▸ What you will do
Your job is to retype the records exactly while dropping every picture.

▸ Task material

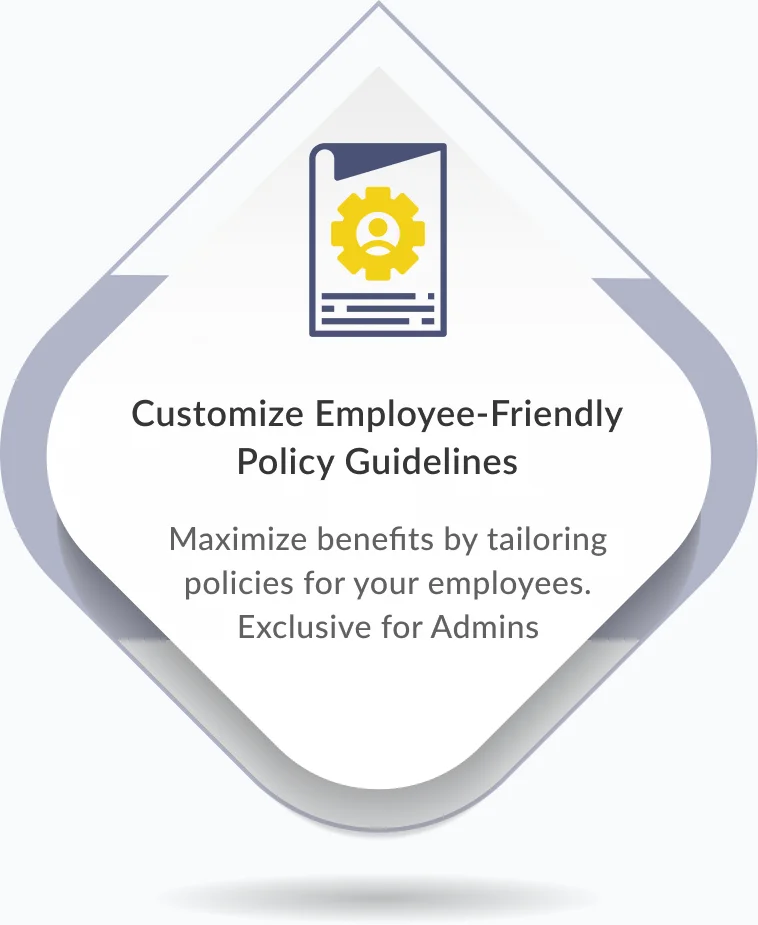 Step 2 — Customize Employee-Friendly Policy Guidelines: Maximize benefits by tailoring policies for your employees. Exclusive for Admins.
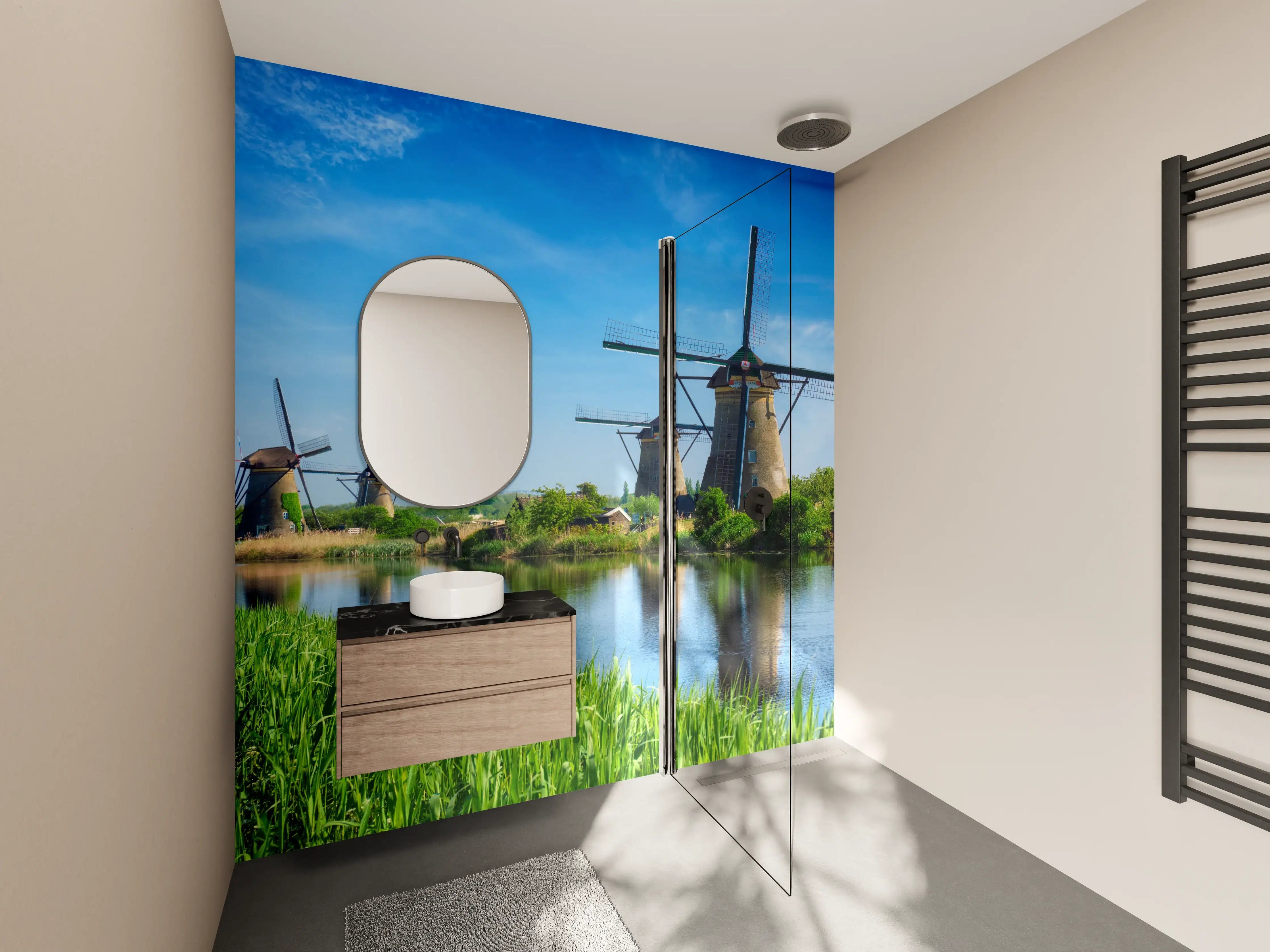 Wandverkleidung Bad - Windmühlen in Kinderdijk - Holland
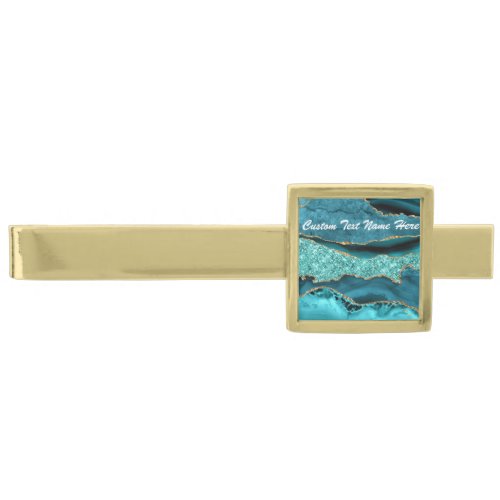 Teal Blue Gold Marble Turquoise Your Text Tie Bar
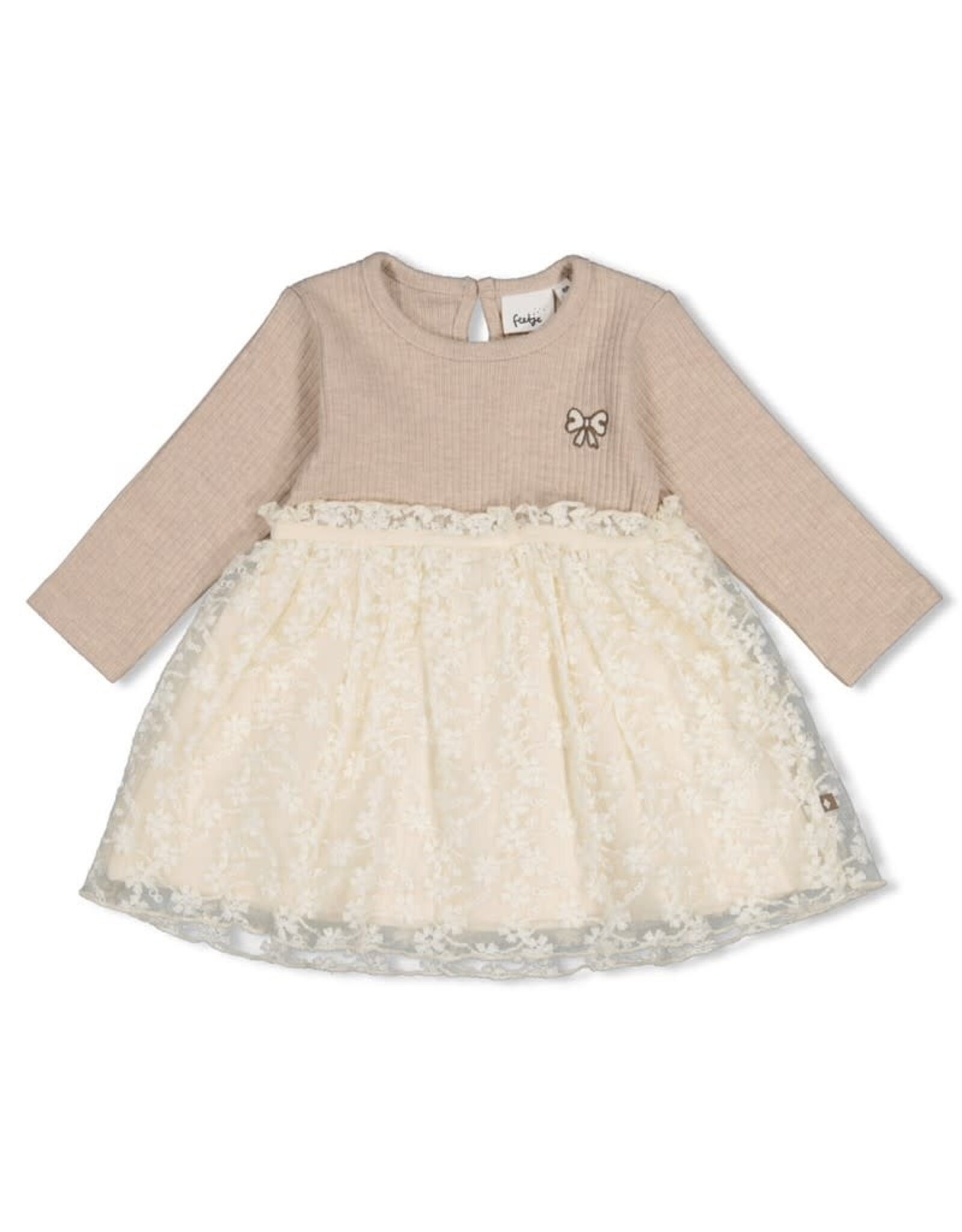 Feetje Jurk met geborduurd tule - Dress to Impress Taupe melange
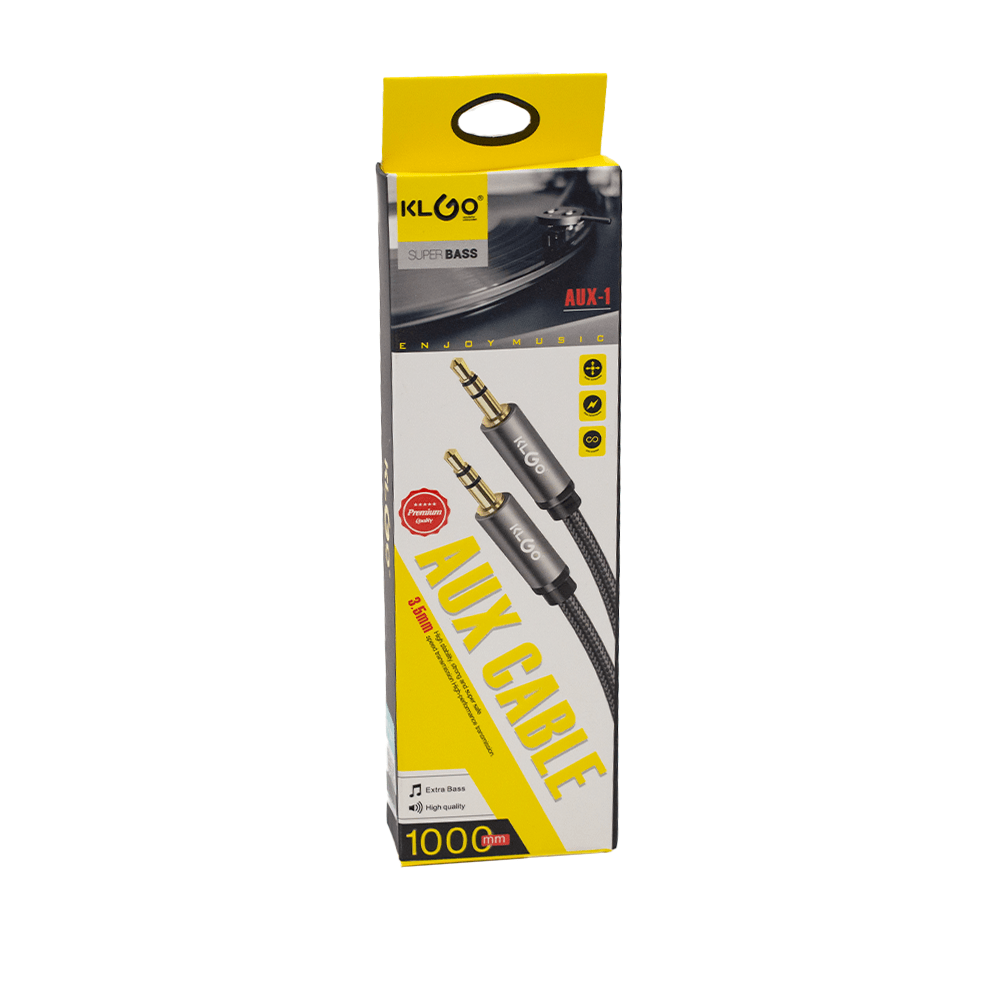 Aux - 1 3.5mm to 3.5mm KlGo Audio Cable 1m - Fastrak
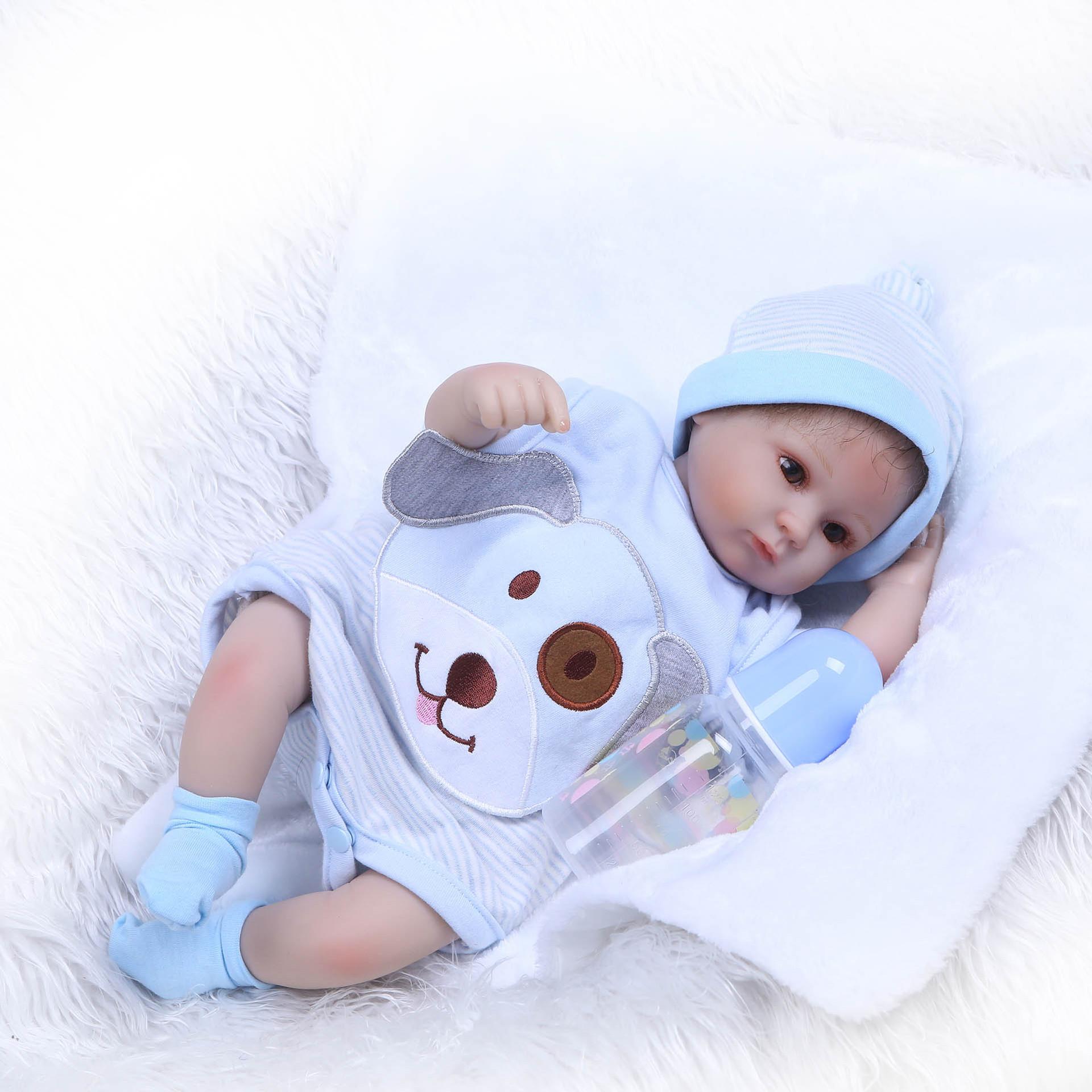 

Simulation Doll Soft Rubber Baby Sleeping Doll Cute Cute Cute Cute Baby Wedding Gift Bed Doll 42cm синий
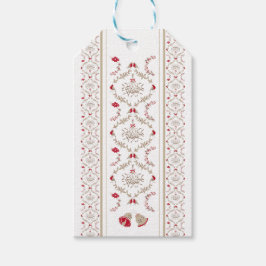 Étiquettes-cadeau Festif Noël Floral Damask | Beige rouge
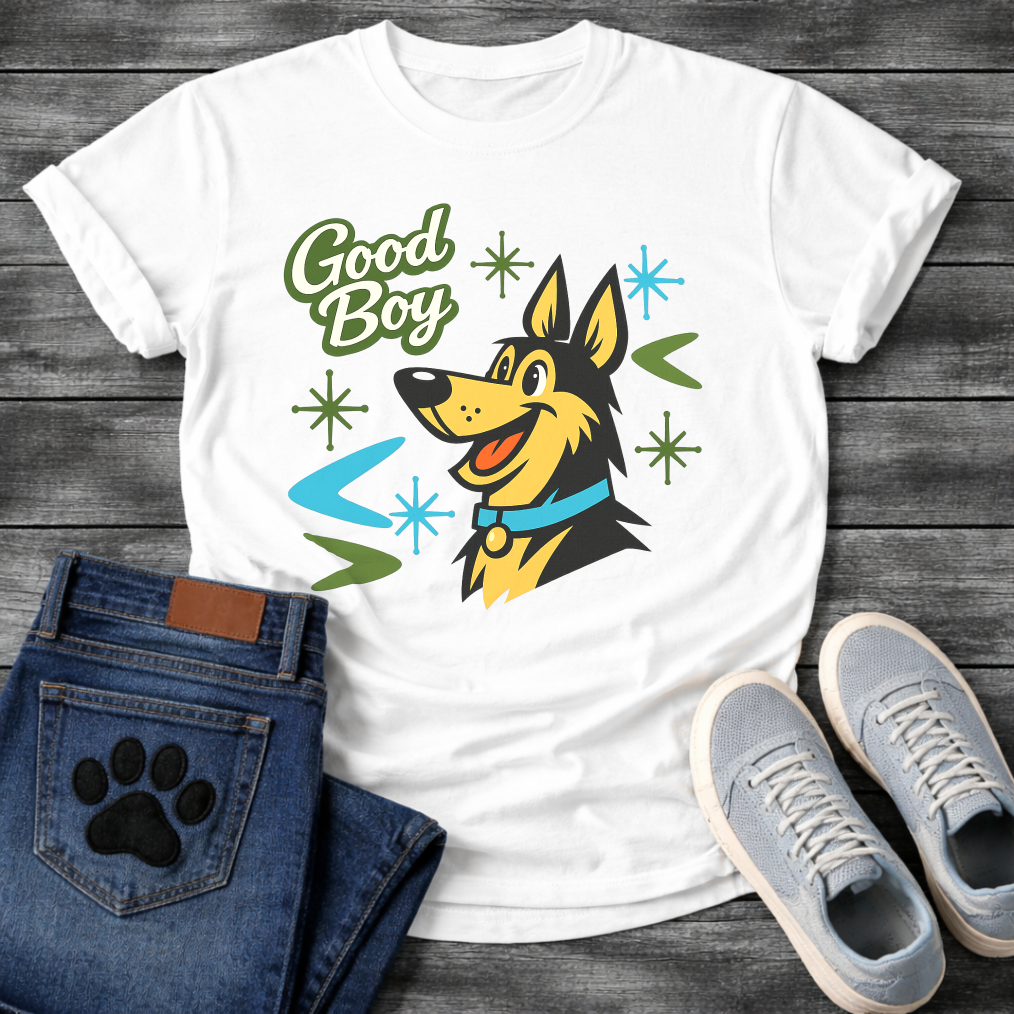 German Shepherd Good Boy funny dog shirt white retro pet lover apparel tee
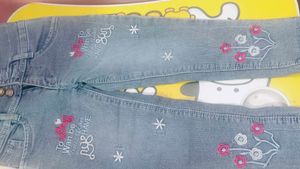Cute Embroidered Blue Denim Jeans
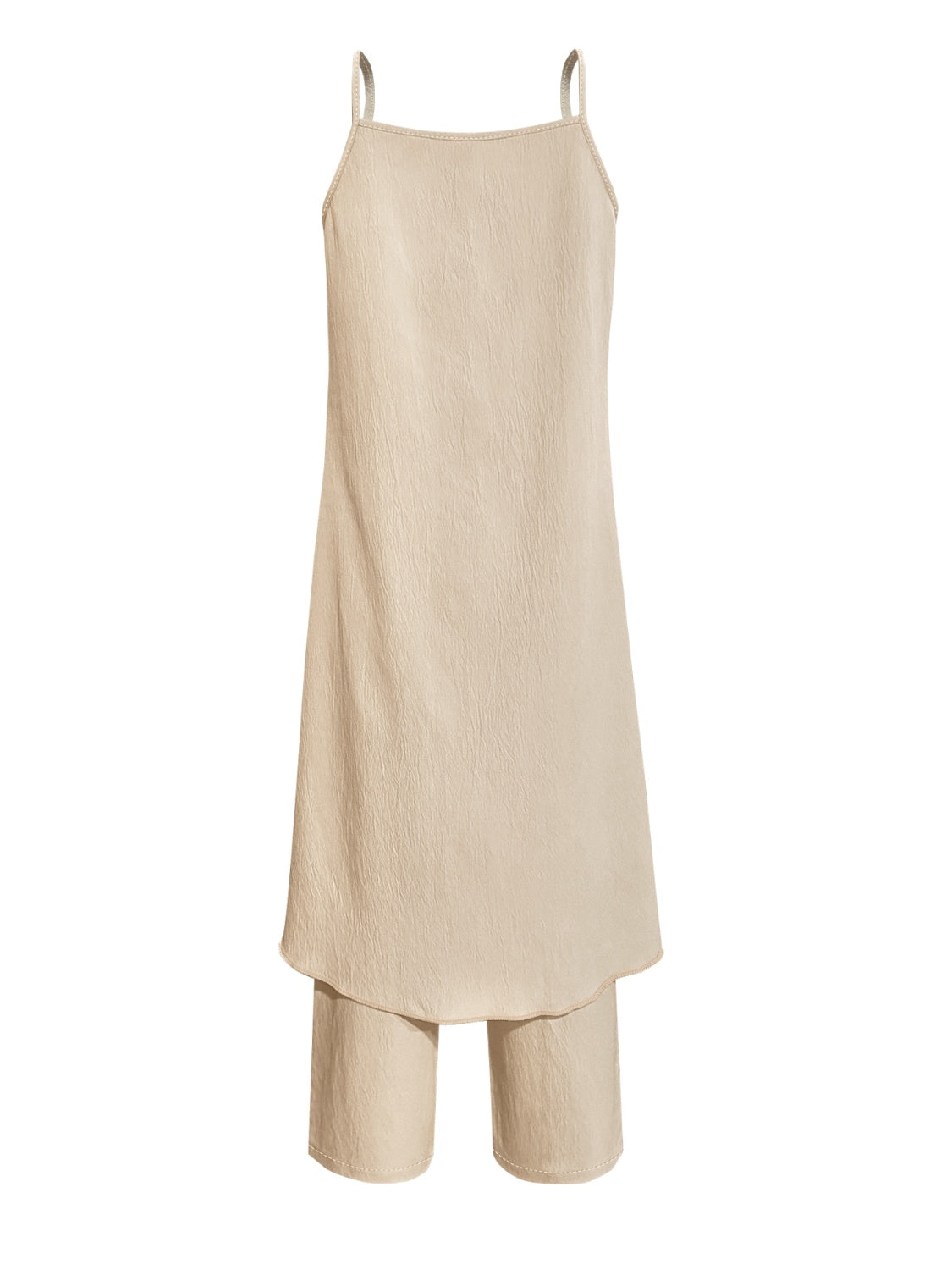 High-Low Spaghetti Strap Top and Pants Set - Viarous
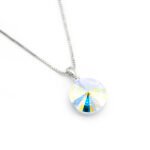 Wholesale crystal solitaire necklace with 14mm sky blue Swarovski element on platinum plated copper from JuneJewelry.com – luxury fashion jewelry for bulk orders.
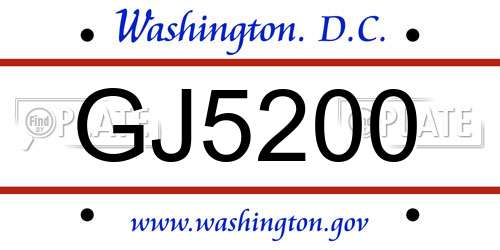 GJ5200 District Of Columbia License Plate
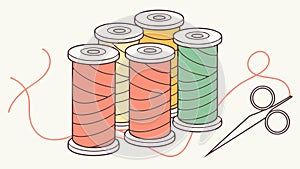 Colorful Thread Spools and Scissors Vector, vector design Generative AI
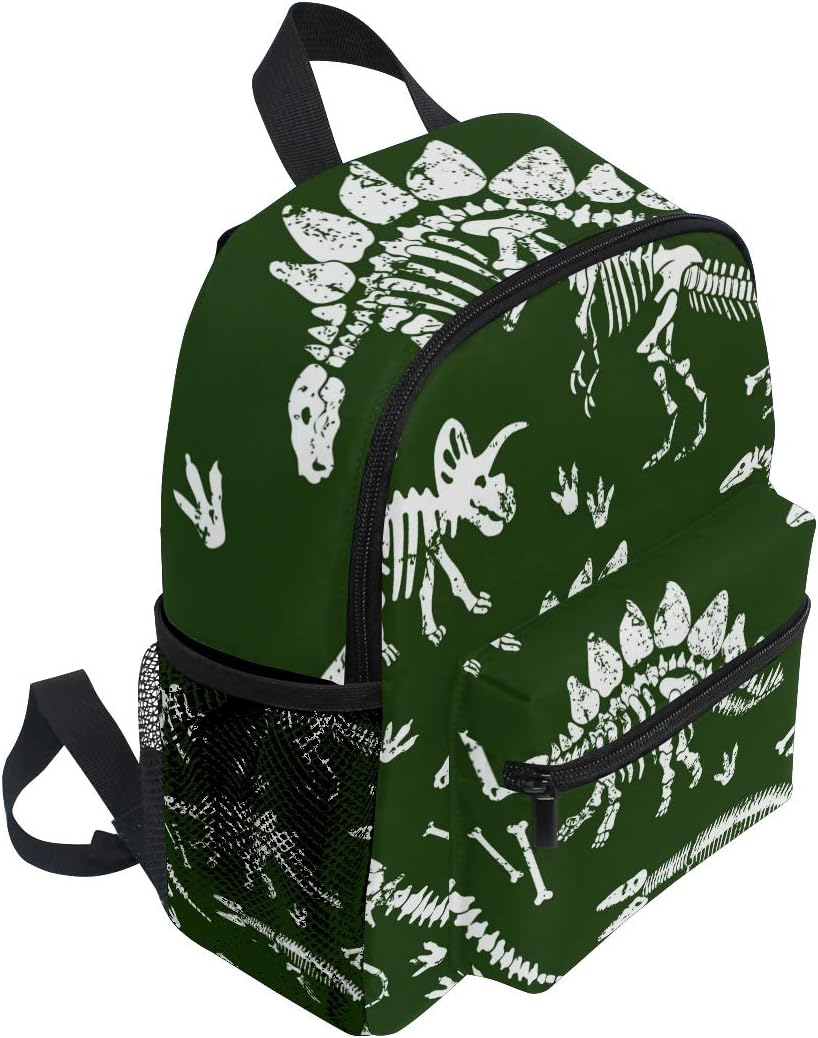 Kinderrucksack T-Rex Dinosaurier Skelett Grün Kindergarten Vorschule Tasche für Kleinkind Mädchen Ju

▸ Response below
 Step 2 — Customize Employee-Friendly Policy Guidelines: Maximize benefits by tailoring policies for your employees. Exclusive for Admins.
 Wandverkleidung Bad - Windmühlen in Kinderdijk - Holland
 Teal Blue Gold Marble Turquoise Your Text Tie Bar
 Feetje Jurk met geborduurd tule - Dress to Impress Taupe melange
 Aux - 1 3.5mm to 3.5mm KlGo Audio Cable 1m - Fastrak

Simulation Doll Soft Rubber Baby Sleeping Doll Cute Cute Cute Cute Baby Wedding Gift Bed Doll 42cm синий
 Étiquettes-cadeau Festif Noël Floral Damask | Beige rouge
 German Shepherd Good Boy funny dog shirt white retro pet lover apparel tee
Cute Embroidered Blue Denim Jeans
 High-Low Spaghetti Strap Top and Pants Set - Viarous
 Wholesale crystal solitaire necklace with 14mm sky blue Swarovski element on platinum plated copper from JuneJewelry.com – luxury fashion jewelry for bulk orders.
 GJ5200 District Of Columbia License Plate
 Colorful Thread Spools and Scissors Vector, vector design Generative AI
 Kinderrucksack T-Rex Dinosaurier Skelett Grün Kindergarten Vorschule Tasche für Kleinkind Mädchen Ju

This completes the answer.